Task statement
Exact reproduction is required for the lines below starting at the line with "Stick,Style: Bluetooth White" and ending at the line with "Calendari da tavolo", both included. No other lines, and no pictures.

The data
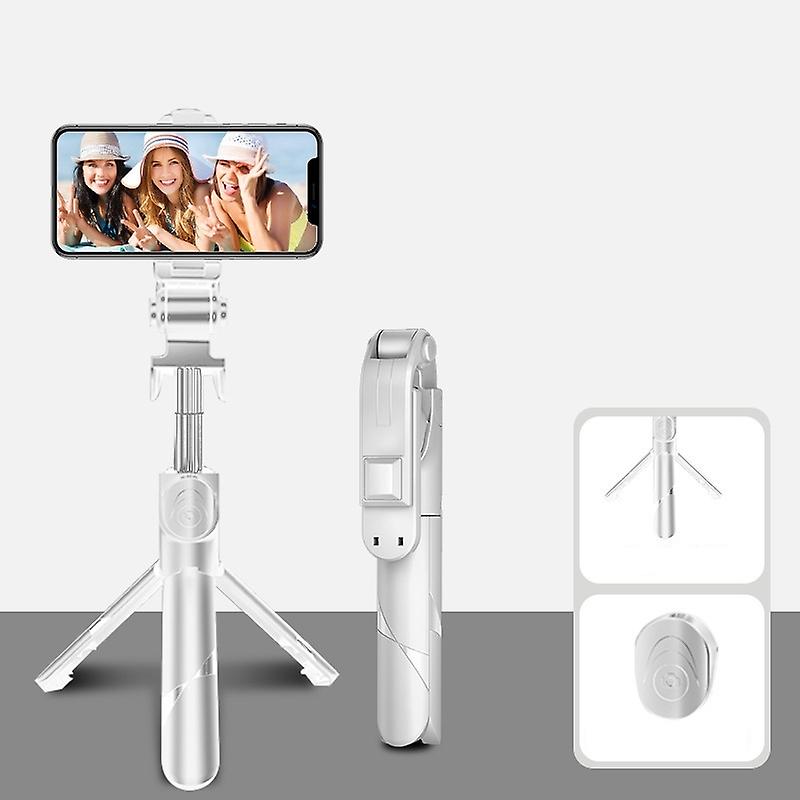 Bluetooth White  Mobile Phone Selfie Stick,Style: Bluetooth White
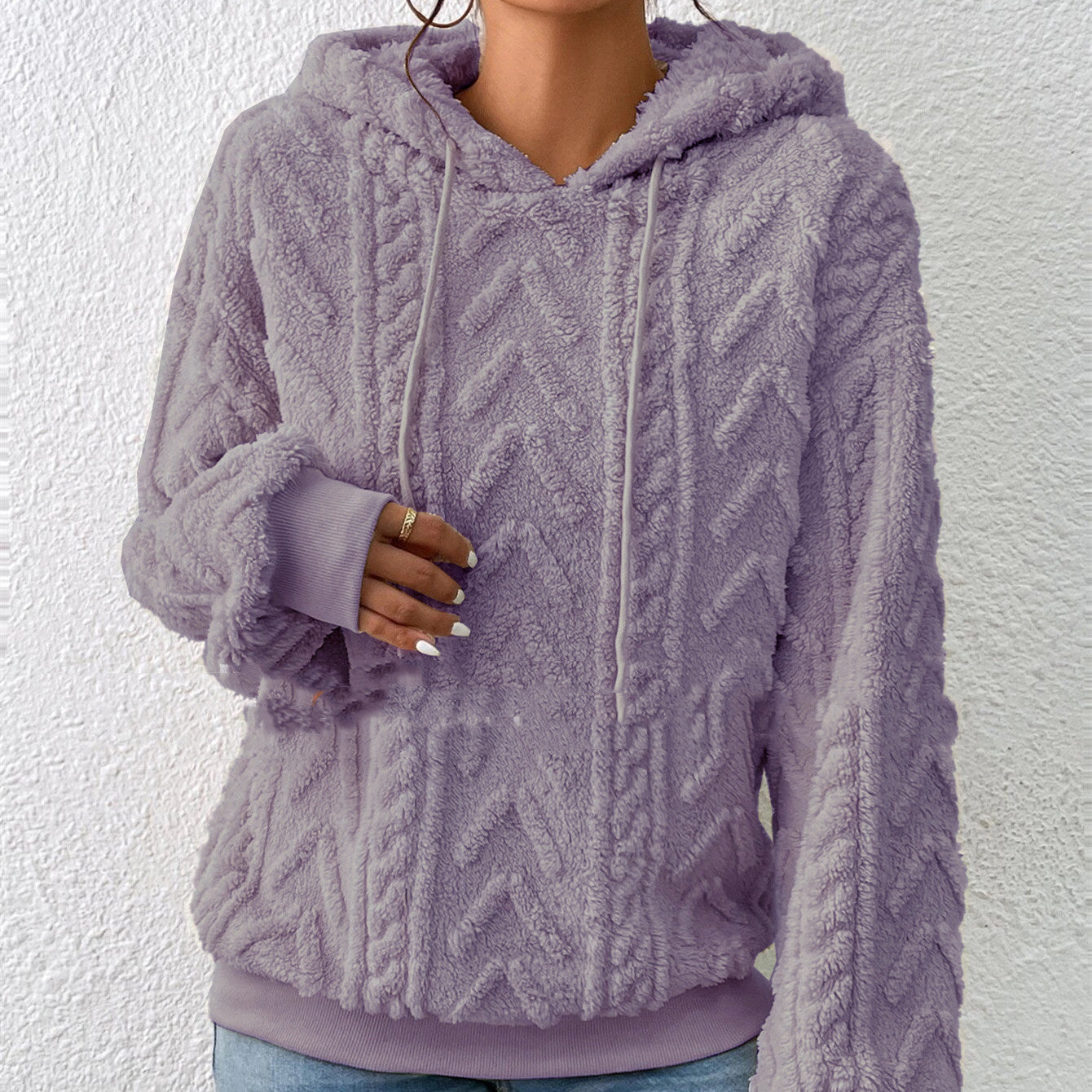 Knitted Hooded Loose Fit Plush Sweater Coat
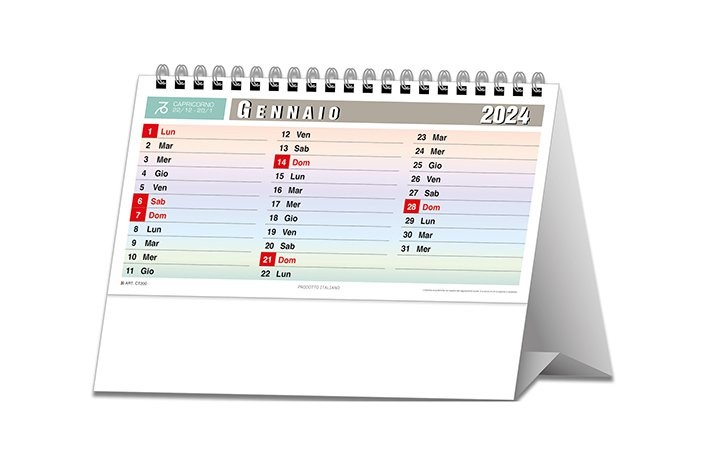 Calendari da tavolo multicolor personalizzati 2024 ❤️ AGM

---

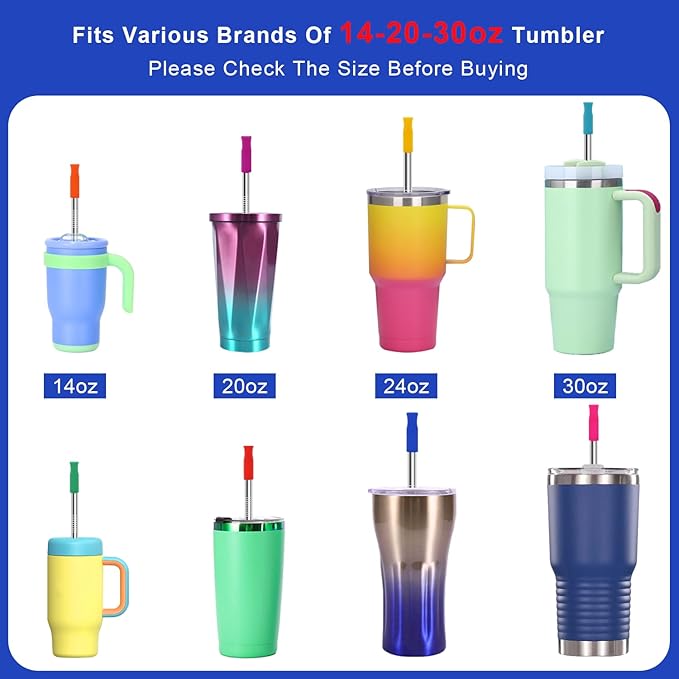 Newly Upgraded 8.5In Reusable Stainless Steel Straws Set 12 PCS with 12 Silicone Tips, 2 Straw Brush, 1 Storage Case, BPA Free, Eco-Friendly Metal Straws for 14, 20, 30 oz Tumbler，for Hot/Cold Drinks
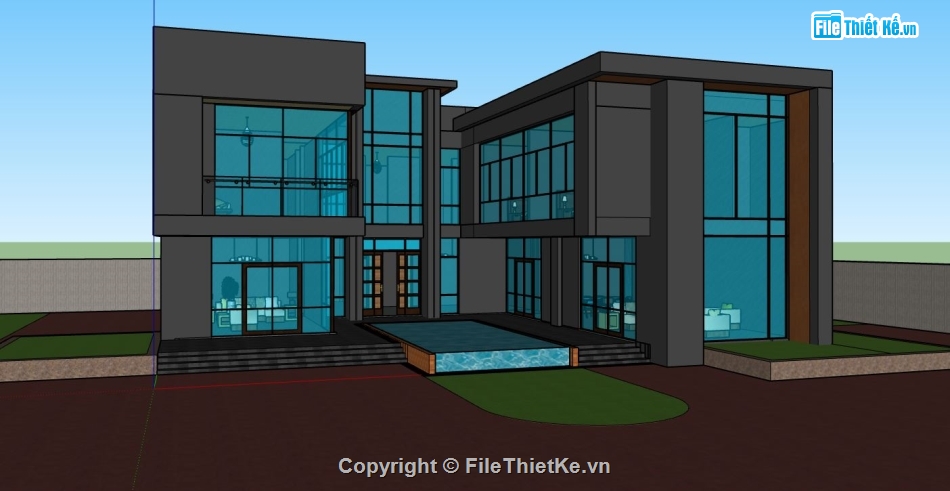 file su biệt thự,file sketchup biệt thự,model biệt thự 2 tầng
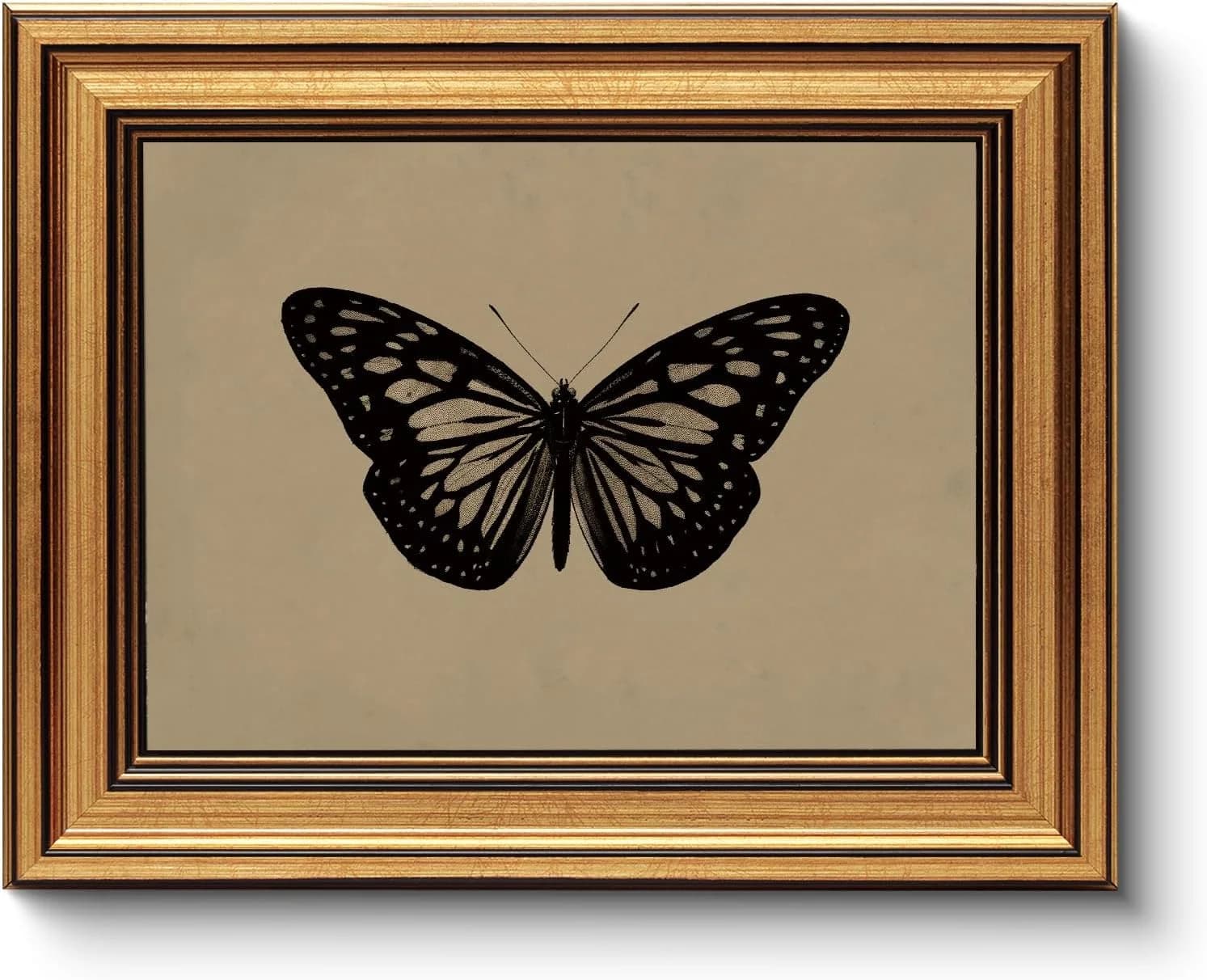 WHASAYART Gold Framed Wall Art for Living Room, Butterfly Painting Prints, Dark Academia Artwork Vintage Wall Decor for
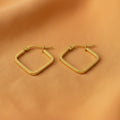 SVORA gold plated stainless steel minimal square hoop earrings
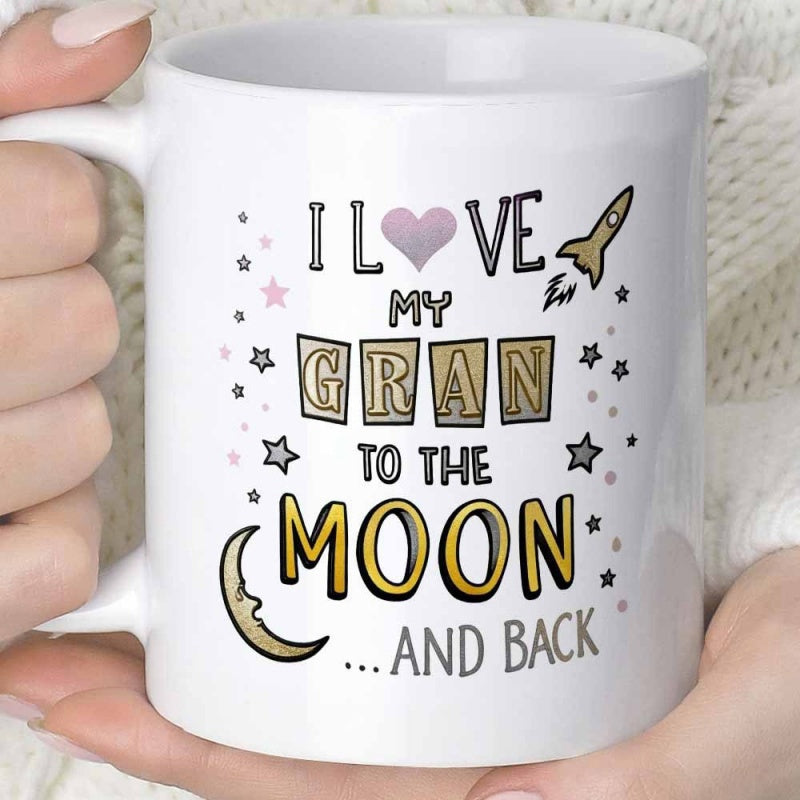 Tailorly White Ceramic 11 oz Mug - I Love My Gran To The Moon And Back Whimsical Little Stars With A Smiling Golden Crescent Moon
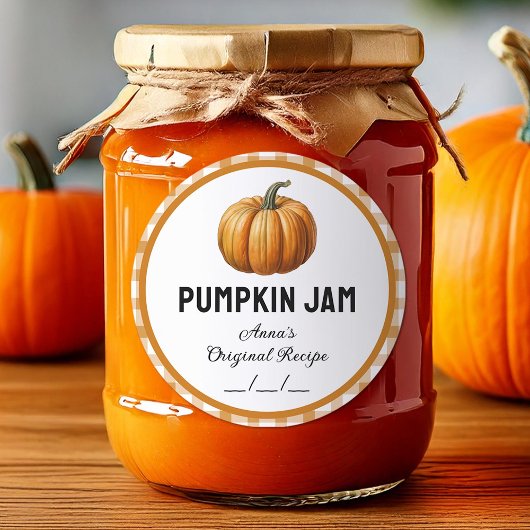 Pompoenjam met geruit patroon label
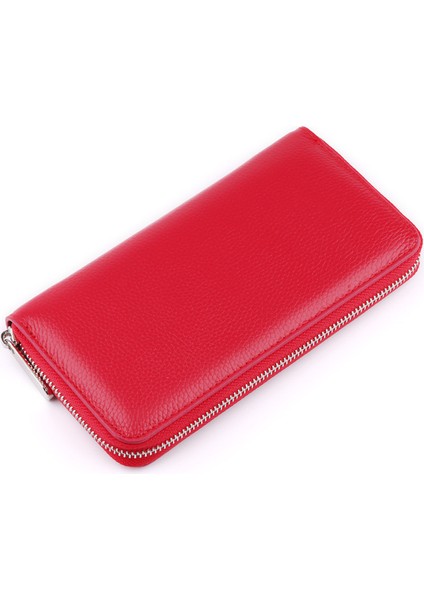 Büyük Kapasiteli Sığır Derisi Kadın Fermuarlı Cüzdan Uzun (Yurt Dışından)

Result of this exercise
 Bluetooth White  Mobile Phone Selfie Stick,Style: Bluetooth White
 Knitted Hooded Loose Fit Plush Sweater Coat
 Calendari da tavolo multicolor personalizzati 2024 ❤️ AGM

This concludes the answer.